With every generation of cars comes new, more capable, and more complicated features.
However, not all these nice-to-haves are, in fact, nice to have, and some verge on unbearable.
Here are three features we would rather not have in new cars.
Electronic parking brakes
While a sleek button for a handbrake looks much better than a large lever, I far prefer having the mechanical lever rather than an electric switch as a last resort keeping my car from rolling away.
Take it from someone who owns a daily driver with an electronic parking brake and who has also had a battery failure just this winter.
After this happened, I was stuck without a handbrake for a weekend until the car could be taken back to the dealer for a factory software reset. According to them, this was the only way the handbrake would work again.
A mechanical lever also comes with the benefit of being able to do handbrake turns, and who doesn’t love those.
Lane-keep assist
Lane-keep assist (LKA) aims to keep your car between the lines of the road but more often than not it doesn’t get it quite right..

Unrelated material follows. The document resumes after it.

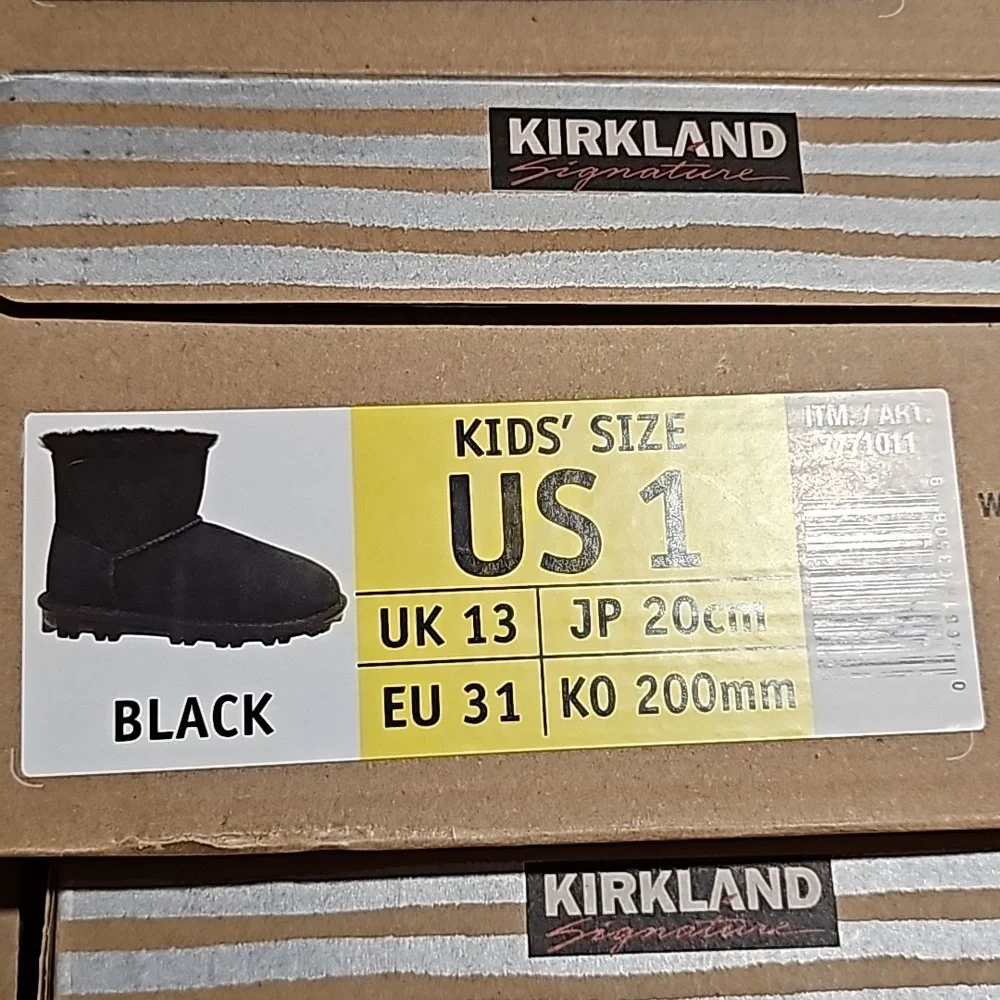 Kirkland Signature Kids Genuine sheepskin Shearling Boots  Nwt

Some manufacturers do it better than others, nevertheless, LKA regularly struggles to keep the car equidistant from the white lines and tends to start snaking across the lane if left to its own devices for too long as it continually overcorrects itself when it gets too close to the sides of the road.

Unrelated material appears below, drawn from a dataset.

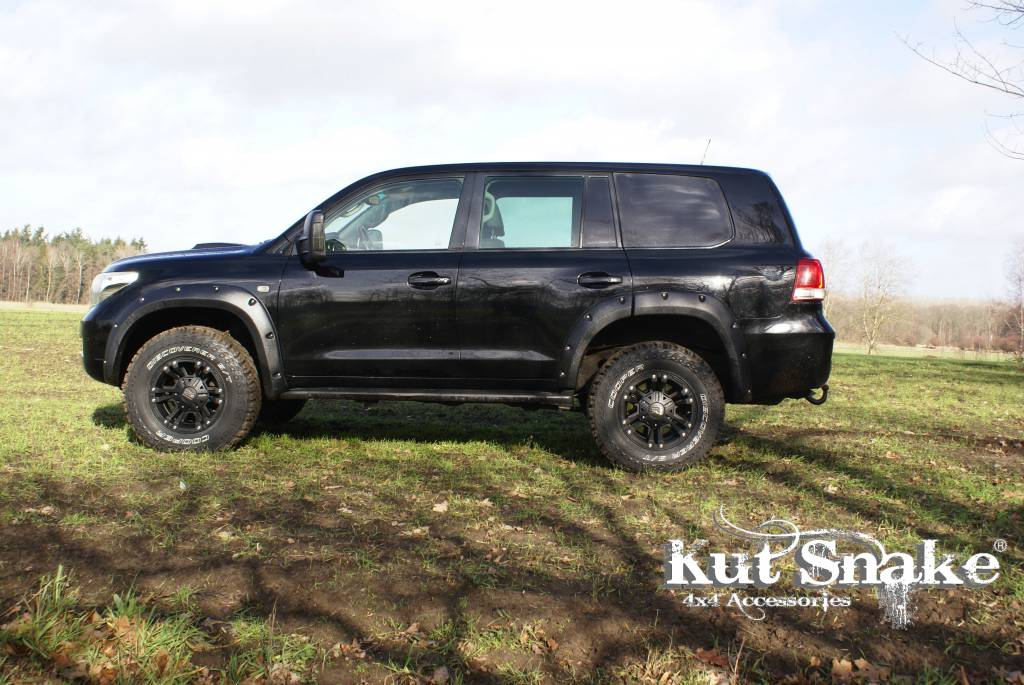 Kut Snake fender flares Toyota Landcruiser 200 - 50 mm wide - 2007-2012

If you forgot to turn it off on a poorer-quality backroad where swerving to avoid potholes and debris is a necessity, it quickly also becomes a duel between the car and yourself as it generally wants to go one way while you want to go the other.
Start/stop systems
In the spirit of fuel saving, manufacturers have built an engine start/stop system into their cars that switch off the motor when it’s not being used, for example when stopped at a red light, and switches it on again as soon as the car starts moving.
How much fuel this really saves is a mystery and the inconvenience it brings overshadows it.
In bumper-to-bumper traffic, these often over-sensitive systems can create even more headaches by switching off the car if you press the brake just a few millimetres too far creating more lag on lift-off as now you have to wait for the engine to start again which can happen dozens of times over the span of an hour of congestion, which possible also defeats the original fuel-saving goal.
If you’re parked for a long time at a red light on a particularly hot or cold day the airconditioning will switch off, too, having to expend more energy to get the cabin back to the desired temperature when it switches on again while simultaneously making the drive more uncomfortable.
There’s also a safety risk involved in having a vehicle that first needs to start before pulling away.